Saturday, November 8, 2014

Online Advertising

Received another Costco advertising booklet in the mail today.  Stuff for sale and on sale.  Costco is fairly internet savvy.  Funny they are sending out dead tree media to promote business.

In the 11/1/14 edition of Forbes, page 11, the Chief Product Officer (?!) of that august org give a rundown on online advertising... doesn't look good.  I ran the numbers on his percents:

Ad viewability - only 5 in 10, 000 readers click on a display ad, but only 70% of readers see the ad in the first place.  Hmm... 10,000 is 70% of 14,286...  and 5 into 14,286 is .00035.  So ad impressions online is about 35/100th of 1%.  Now mail order catalogs, dead tree media, gets sales of 1/10th or 1% of impressions.  Online advertising only gets about 1/3rd the views of catalog sales.

It is interesting no one can bring themselves to admit what the sales rate is with online advertising.

Fraudulent Traffic...  and even if someone did report a click, who knows if it is accurate?  The numbers above include fraudulent traffic meant to make online advertising look good one way or another, some 36% of internet traffic being fake.

This is a problem with building a system on something started by the Hegemon.  The internet was invented as a closed system with some rather brutal responses to people messing about.  In 1980 that system changed, telecom was deregulated and the first order of business as to create a system that relied on technology and property rights to control fraud and force.  Never happened.  AOL and Apple gave it a try, Apple largely succeeding, as far as they could influence.

But Microsoft got the government contracts and within the Hegemon productivity does not matter.
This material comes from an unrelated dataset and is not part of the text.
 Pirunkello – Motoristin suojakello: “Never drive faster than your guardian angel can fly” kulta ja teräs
Spam rules.  And with no rational limit on what can be financed by lending credit, we built out a system that is pretty bad as to security, and then charged it to the grandkids.  Capitalism is an awful system.

Since online advertising is ineffective and rife with fraud, Forbes Chief Product Officer D'Vorkin notes some online sites are promising 250 hours of in-view time for an ad.  Fine, but what about sales for that time at what cost?
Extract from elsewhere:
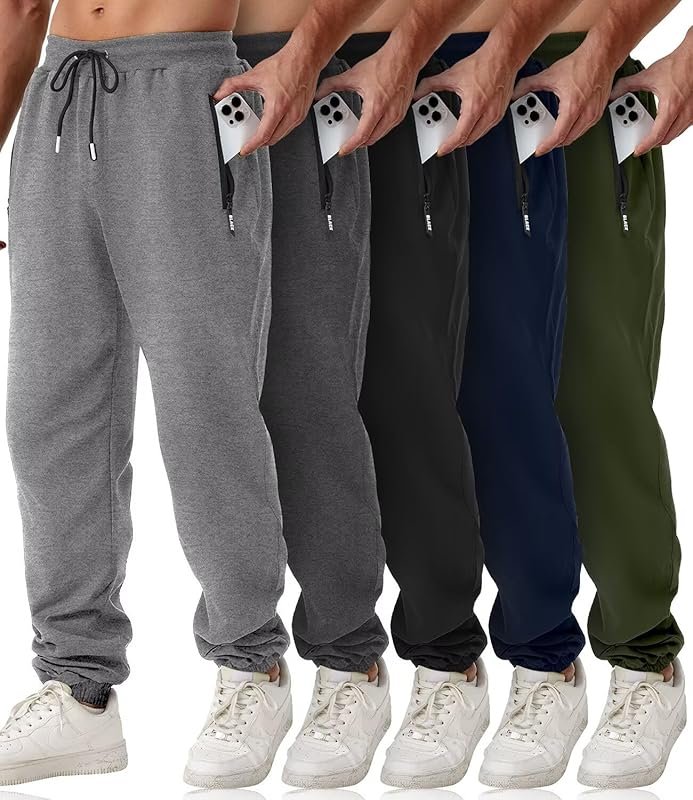 5 Pack Men's Slim Fit Sweatpants with Zipper Pockets for Workout, Runn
I've been offering people who try to sell me on online advertising a bounty of $47.50 per sale, a 50% affiliate fee or anything you want to call it.  15 years in, no takers.  I am sure because they know it cannot be done economically.
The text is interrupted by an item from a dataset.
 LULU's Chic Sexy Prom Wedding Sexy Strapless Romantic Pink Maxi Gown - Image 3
Google Ads will allow you to track from click to sale so you can associate your ad costs to actual sales, but true to Google form, Google Ads cannot be used by anyone short of computer scientists.  I meet countless people who say "yes, tried Google Ads, could never figure it out."  That is either on purpose or they have so much false economy ad revenue that why bother with mere viable businesses?

Forbes notes that now more dollars are going into programmatic buying, where computers are matching ad opportunities with big data at lightening speed, no need to humans.  Would love to hear if that is effective.  Maybe so.

The Chief Product Officer says Forbes was on the cutting edge in 2010 with native advertising, in which "50 marketing partners publish content" on Forbes.  Is slapping a by-line on a advertiser's press release all that new?

There is massive malinvestment and misallocation in media.  When the bust comes, there will be a shake-out and the false economy rags will fail and an organic set of winners will emerge.  Unless president Hillary can get in there fast enough and post gatekeepers on a controlled-by-subsidy media.

Feel free to forward this by email to three of your friends.


2 comments:

Jason said...

Really interesting post John. When I think about it, this is crazy. Facebook bought Whats App for $19 billion dollars a while ago pretty much solely based on the fact that Whats App had 400 million users and that equals x amount of ad space that Facebook could sell for big bucks $$.

But as your post shows, the potential "clicks" are really so limited anyways. If I read this right, we can then assume that pretty much the whole social media industry (as a revenue producer) is fake. It is a loser. It would be impossible for all these companies to produce the type of potential income they claim to if they are really only generating such a small percentage of "clicks". Then does this qualify as one of the biggest bubbles of all time?

John Wiley Spiers said...

There is no rational limit to what can be "financed" when one is free to lend credit. What malinvestments and misallocations follow don't really much matter, but at some point, with no rational basis, it will all come crashing down. That a company I bought a shirt form is busy spending more trying to entice me to buy more than they earned on the sale of the shirt will at some point end badly for that company (the could just ask me if I'll buy again, and if not why not.) But no, advertising paid for with credit at near zero interest keeps some people busy.